Pilot cost target: under $5 total. If atomic-quality is indistinguishable for all three pilot shapes, scale to the remaining ~170 foundation chapters + SMM/tparents corpora. If a specific class shape underperforms, diagnose (prompt? context? model? chunking?) and re-pilot just that shape.

Alternatives considered

  • A. Keep chat-driven sequential atomization; just preach patience. Rejected — ~17 days of subscription wall-time per ~800-unit corpus, with no leverage on the bottleneck (within-section serial cross-referencing). The work is not actually time-sensitive but the user attention required to drive it is.

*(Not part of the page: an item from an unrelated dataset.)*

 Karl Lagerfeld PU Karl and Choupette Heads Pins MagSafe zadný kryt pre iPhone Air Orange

  • B. Fine-tune a UC-specific model to “know” the corpus. Rejected — fine-tuning teaches style/patterns, not facts. Fine-tuned models hallucinate confidently-styled quotes. The Bible Q&A quality everyone references is a pre-training + RLHF coverage artifact, not replicable cheaply. RAG / structured retrieval over the citation-grammared vault is what produces real-quote accuracy, and the vault is already RAG-ready.
  • C. Skip atomization entirely; query raw resources via RAG. Rejected — atomic-note distillation is a different epistemic act than retrieval. The atomic note is the user’s prior interpretation of a passage, hand-curated into the vault. RAG gives raw material; atomic notes give synthesized claims. Also, the published vault is read by humans following wikilinks — atomic notes are the human-readable surface, not internal scaffolding.

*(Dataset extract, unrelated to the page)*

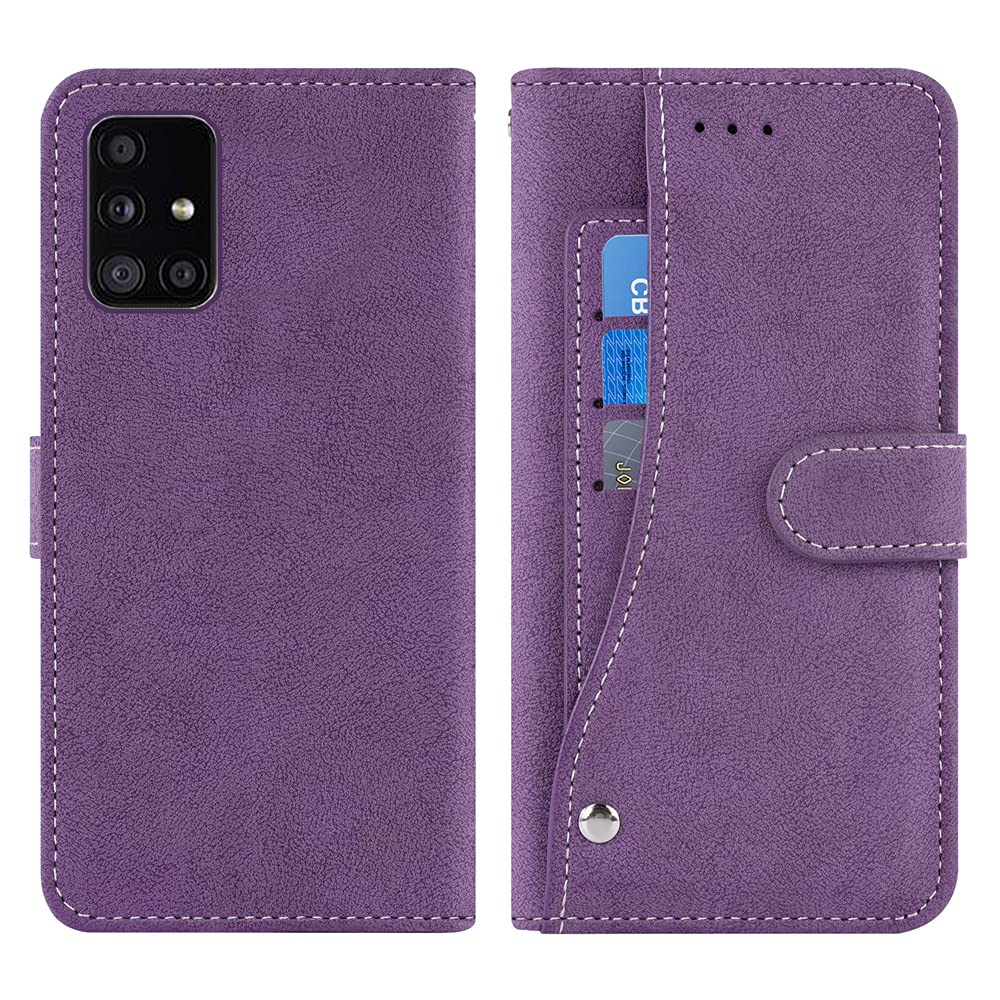 ASUWISH Samsung Galaxy A51 4G Wallet Case with Tempered Glass Screen Protector - Flip Cover with Card Slots & Kickstand - Compatible with Galaxy A51/A515F/M40S (Purple) - Protective Phone Case for Business, Travel & Everyday Use - Perfect for Office, Commuting and Outdoor Activities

  • D. Introduce “reference-tier” classification with auto-finalization for low-priority sources. Rejected during domain grilling — SMM speeches are not low-priority. The right axis is per-class atomization style (prompt profile), not content tier.
  • E. “Review-light” mode bypassing ADR-0009 Gate 2. Rejected — staging-as-leisure-zone solves the attention problem without bypassing review. ADR-0009 Gate 2 stays intact.

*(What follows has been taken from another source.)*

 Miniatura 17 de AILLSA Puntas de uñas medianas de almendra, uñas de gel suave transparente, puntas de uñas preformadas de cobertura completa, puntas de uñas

  • F. Build a separate ingest_batch_parallel.py script instead of honoring ADR-0011’s process_batch.py name. Rejected — process_batch.py is the script ADR-0011 specified for productionized AI batch work; this IS that script (first subcommand: atomize). Two scripts would proliferate names and obscure the architectural intent.
  • G. Two-phase parallel + sweep with explicit “Phase 1 / Phase 2” framing. Rejected — the framing collides connotatively with ADR-0022 weaving-pass (also “linking”). The pipeline is a single linear script with named steps (atomize → link → stage → review → finalize); no separate workflow concept.

Consequences

  • (+) Foundation-pass wall time drops from weeks of sequential chat-driven work to days of batch-API-driven work, at fixed marginal cost (~50-100 for SMM+tparents corpora).
  • (+) Per-class style profiles capture domain-real differences (SMM oral-and-repetitive vs DP methodically-written) that were implicit in chat-pilot prompts but not codified.
  • (+) Embedding-based dedup scales sub-linearly with corpus size; AI-grep was about to break at the new scale.
  • (+) Concurrent staging matches user’s actual review pattern (multiple bites at leisure) without changing ADR-0009 review-gate principles.
  • (+) Cost-report integration per ADR-0011 makes per-batch spend visible again (chat pilot used dashboard only).
  • (+) Productionized script unblocks future weave and sermon subcommands on the same infrastructure (subcommand pattern, prompt caching, model routing, cost reports).
  • (−) Adds an external embedding API dependency to ADR-0011’s stdlib-leaning posture. Mitigated by treating embeddings as a cache (recomputable from atomics + the prompt template), persisted but not load-bearing.
  • (−) Requires ANTHROPIC_API_KEY and the embedding-provider key to run the script. Chat-pilot path remains available for one-off batches without env setup.
  • (−) Pilot before full rollout adds ~24-48 hours of wall-time delay before the full SMM corpus can be atomized. Acceptable cost to validate quality before committing batch budget.
  • (−) Multiple concurrent staging batches make git status noisier during active ingestion. Acceptable — finalize commits clear staging folders on approval.